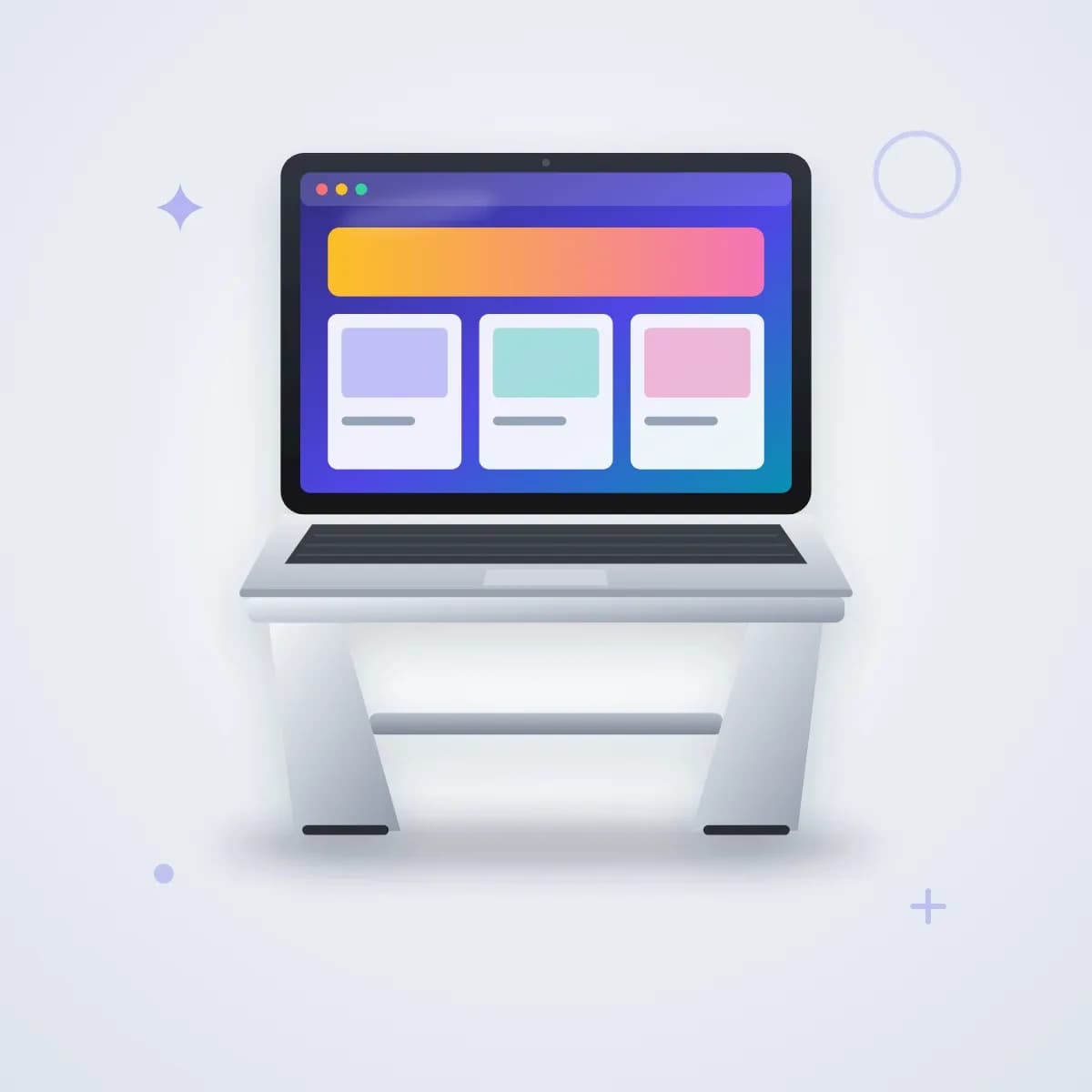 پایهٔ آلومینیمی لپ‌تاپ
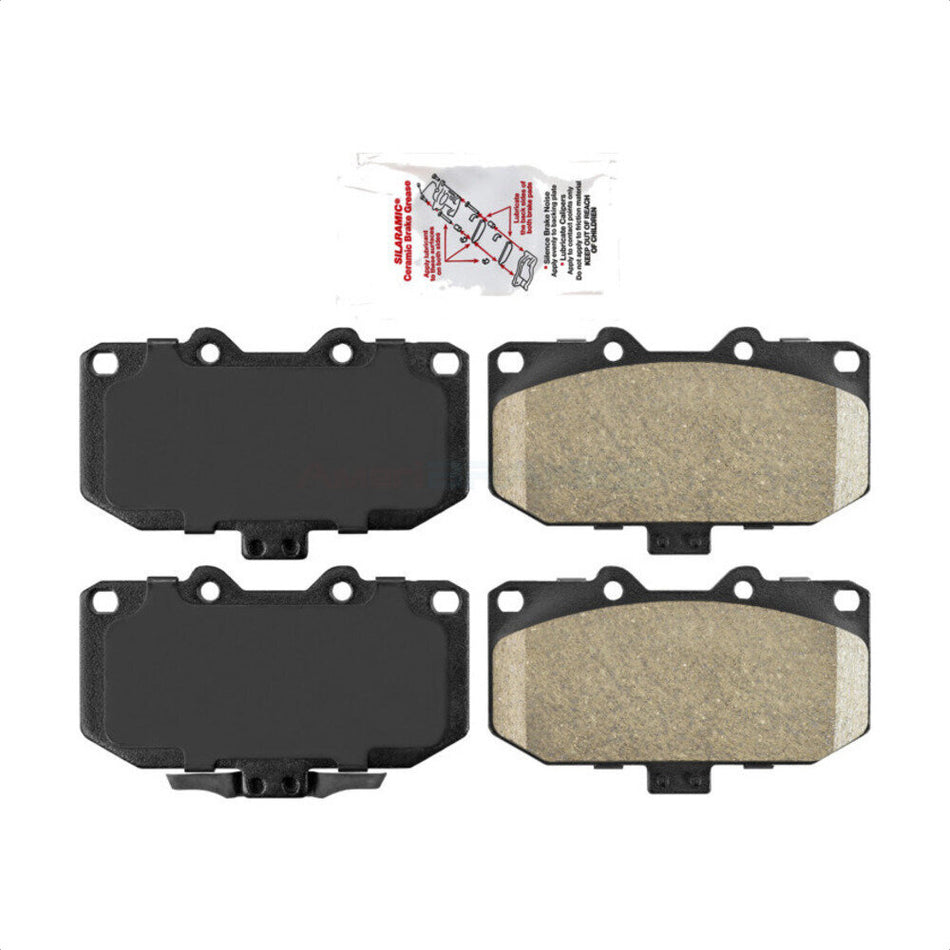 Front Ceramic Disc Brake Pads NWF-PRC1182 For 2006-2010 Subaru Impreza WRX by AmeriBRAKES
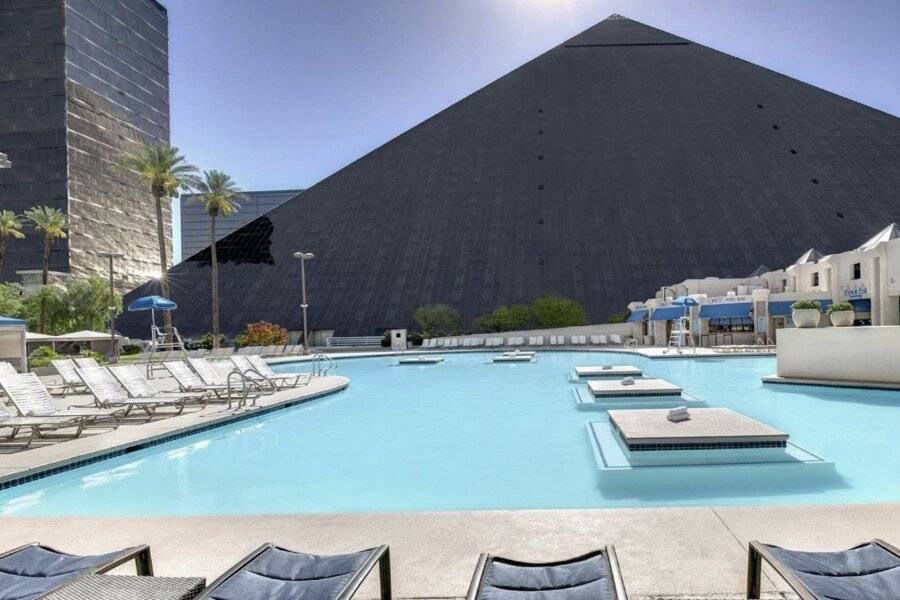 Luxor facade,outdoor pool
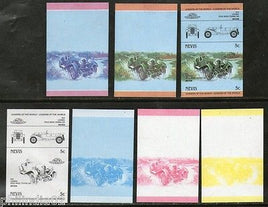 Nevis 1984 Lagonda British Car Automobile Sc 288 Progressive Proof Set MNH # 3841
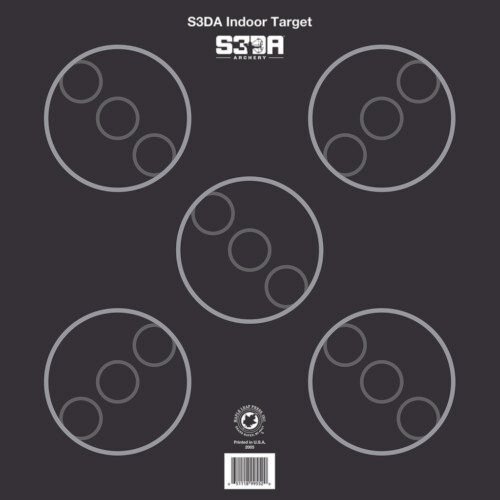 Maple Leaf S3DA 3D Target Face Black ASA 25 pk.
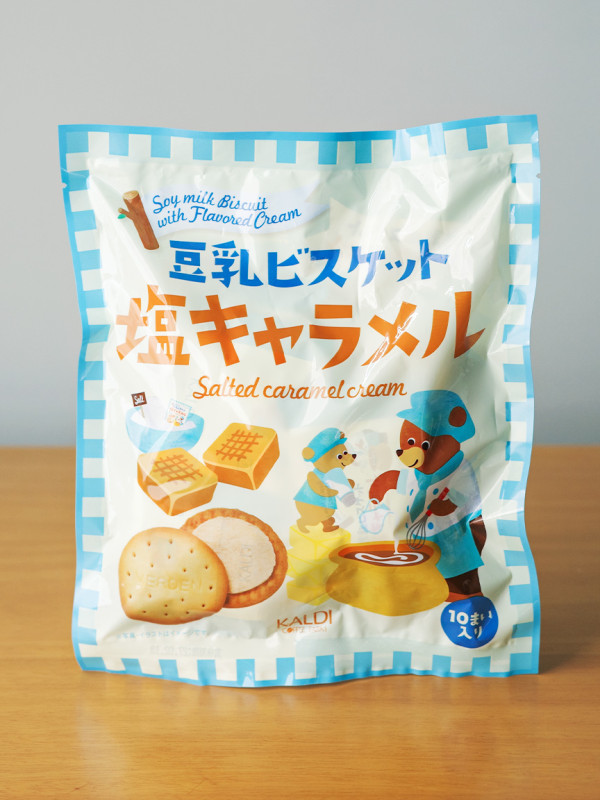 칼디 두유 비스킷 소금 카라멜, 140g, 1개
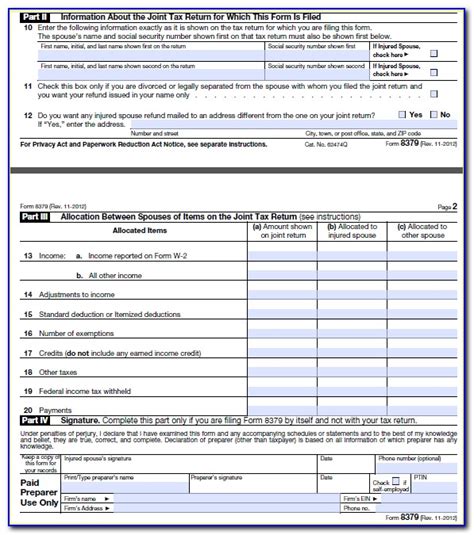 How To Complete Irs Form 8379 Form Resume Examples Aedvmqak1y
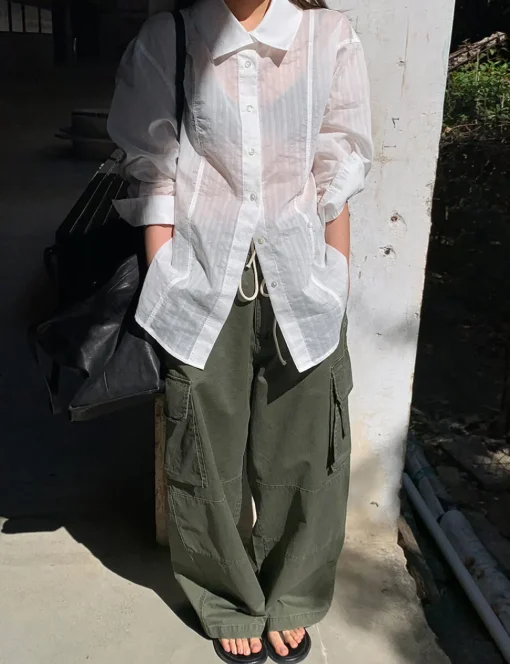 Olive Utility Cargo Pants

--*--

▸ Work to complete
Every line of the material should be repeated precisely; pictures are to be excluded.

▸ Answer to this task
 پایهٔ آلومینیمی لپ‌تاپ
 Front Ceramic Disc Brake Pads NWF-PRC1182 For 2006-2010 Subaru Impreza WRX by AmeriBRAKES
 Luxor facade,outdoor pool
 Nevis 1984 Lagonda British Car Automobile Sc 288 Progressive Proof Set MNH # 3841
 Maple Leaf S3DA 3D Target Face Black ASA 25 pk.
 칼디 두유 비스킷 소금 카라멜, 140g, 1개
 How To Complete Irs Form 8379 Form Resume Examples Aedvmqak1y
 Olive Utility Cargo Pants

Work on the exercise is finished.